We live in a culture of excess. Over the top. Hyperbole. It’s a challenge to maintain perspective, or what my grandmother referred to as a sense of proportion. Blowing things out of proportion was not a cool thing when I was growing up. Yet it so easily happens. One thing leads to another, and pretty soon…
I recall planning a kitchen renovation. I’d made the work space more convenient by moving the fridge and putting a portable cabinet beside it. The arrangement worked so well that I wanted to replace the portable cabinet with a permanent cupboard. The existing cupboards were 1970s dark brown, so this was a good chance to improve their appearance. Replace the doors? Replace them entirely? Since I was doing that much, it seemed a good idea to replace the old stove (still working, but dating back to when the house was built).The countertops were 1960s gold. Update them too? The window shades—yuk. They might as well go.
By the time I worked my way through the possibilities, there was a plan for new cupboards with an upscale European cooktop and oven, as well as a large cut-out in the wall adjacent to the stairs, a door from the eating area onto the deck, beautiful translucent pleated window shades, and a potential bill of $25,000 (in 1986 dollars).
I seriously considered going ahead with this plan. Then my sense of proportion kicked in. When I really thought about it, none of these changes had improved the functionality of the workspace—it was already as good as it could be. About that time, there was a family development that required additional expenditures. Spending $25,000 on a kitchen reno didn’t seem the best choice, all things considered.
Instead, I thought about what could reasonably be done, given what I had. That led me to abandon the ideas that involved construction. The dark brown cupboards and white walls became ivory and chamois thanks to a few cans of paint that I applied myself. The countertop was changed to a harmonious colour, and a tile backsplash was installed because that was something I’d always wanted and never had in any of the five houses I’d lived in. I decided that roll-up bamboo shades from IKEA would suit the room—and me—very well. When I moved out of that house 11 years later, the 35-year-old stove was still working, and I was happy. The kitchen looked good, functioned well, and I’d achieved that without going into debt.

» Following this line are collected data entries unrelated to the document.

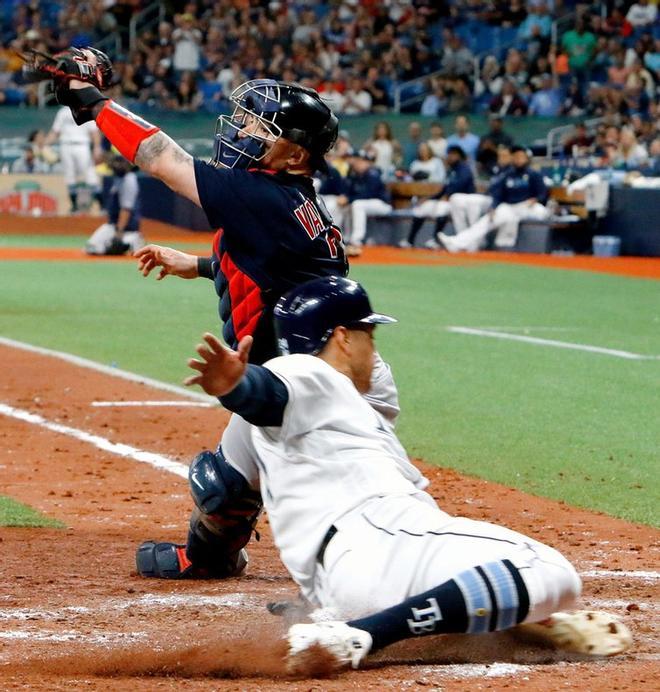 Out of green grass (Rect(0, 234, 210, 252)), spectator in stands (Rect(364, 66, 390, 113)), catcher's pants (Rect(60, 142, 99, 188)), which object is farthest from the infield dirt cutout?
spectator in stands (Rect(364, 66, 390, 113))

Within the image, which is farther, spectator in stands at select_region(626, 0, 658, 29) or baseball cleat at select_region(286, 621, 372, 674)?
spectator in stands at select_region(626, 0, 658, 29)

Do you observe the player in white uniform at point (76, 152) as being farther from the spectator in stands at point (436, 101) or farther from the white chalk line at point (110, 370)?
the white chalk line at point (110, 370)

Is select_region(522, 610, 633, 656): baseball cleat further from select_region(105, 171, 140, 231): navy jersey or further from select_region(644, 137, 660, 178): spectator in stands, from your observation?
select_region(644, 137, 660, 178): spectator in stands

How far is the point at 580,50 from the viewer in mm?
27359

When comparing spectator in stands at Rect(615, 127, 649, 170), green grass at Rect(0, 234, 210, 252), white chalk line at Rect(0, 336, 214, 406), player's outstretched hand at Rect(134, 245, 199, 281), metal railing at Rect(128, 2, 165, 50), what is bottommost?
green grass at Rect(0, 234, 210, 252)

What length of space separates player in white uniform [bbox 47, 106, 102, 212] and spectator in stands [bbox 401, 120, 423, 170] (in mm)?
5722

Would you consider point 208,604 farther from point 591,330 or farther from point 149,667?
point 591,330

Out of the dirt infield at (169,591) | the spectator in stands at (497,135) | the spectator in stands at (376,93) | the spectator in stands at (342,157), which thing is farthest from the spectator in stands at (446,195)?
the dirt infield at (169,591)

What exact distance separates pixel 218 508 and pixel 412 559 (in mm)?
1058

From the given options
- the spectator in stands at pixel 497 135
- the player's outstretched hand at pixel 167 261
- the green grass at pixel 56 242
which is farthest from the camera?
the spectator in stands at pixel 497 135

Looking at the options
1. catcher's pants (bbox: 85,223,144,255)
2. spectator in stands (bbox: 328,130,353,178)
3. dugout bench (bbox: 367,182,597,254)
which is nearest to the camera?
catcher's pants (bbox: 85,223,144,255)

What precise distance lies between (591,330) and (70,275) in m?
7.14

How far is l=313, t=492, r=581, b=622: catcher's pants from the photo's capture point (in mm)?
3609

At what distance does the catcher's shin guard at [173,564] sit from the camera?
4758mm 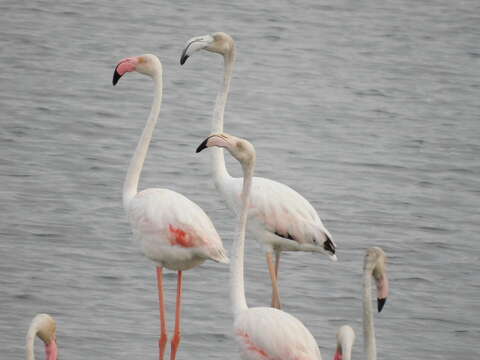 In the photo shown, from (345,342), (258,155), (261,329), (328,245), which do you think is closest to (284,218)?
(328,245)

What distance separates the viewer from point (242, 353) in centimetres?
754

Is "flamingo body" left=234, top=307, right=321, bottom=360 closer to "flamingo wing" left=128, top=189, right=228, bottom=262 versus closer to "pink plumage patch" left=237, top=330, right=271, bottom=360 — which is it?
"pink plumage patch" left=237, top=330, right=271, bottom=360

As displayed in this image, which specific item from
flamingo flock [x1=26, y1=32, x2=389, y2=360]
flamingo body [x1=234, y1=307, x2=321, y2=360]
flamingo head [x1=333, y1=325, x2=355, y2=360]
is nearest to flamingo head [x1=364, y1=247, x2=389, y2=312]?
flamingo flock [x1=26, y1=32, x2=389, y2=360]

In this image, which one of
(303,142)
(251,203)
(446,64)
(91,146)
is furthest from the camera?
(446,64)

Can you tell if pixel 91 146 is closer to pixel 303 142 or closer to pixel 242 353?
pixel 303 142

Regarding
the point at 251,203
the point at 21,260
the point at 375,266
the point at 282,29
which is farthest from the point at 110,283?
the point at 282,29

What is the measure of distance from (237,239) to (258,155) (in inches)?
253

When we live in a consumer culture, it’s easy to go nuts. There are so many pretty, flashy, intriguing, enticing, innovative things to buy. The antidote is to be centered and resourceful. When we’re centered in ourselves, we know what’s really important and are able to assess what fits for us. When we’re resourceful, we can interpret what’s important in ways that do the job authentically and reasonably. That is conscious spending. It gives us peace.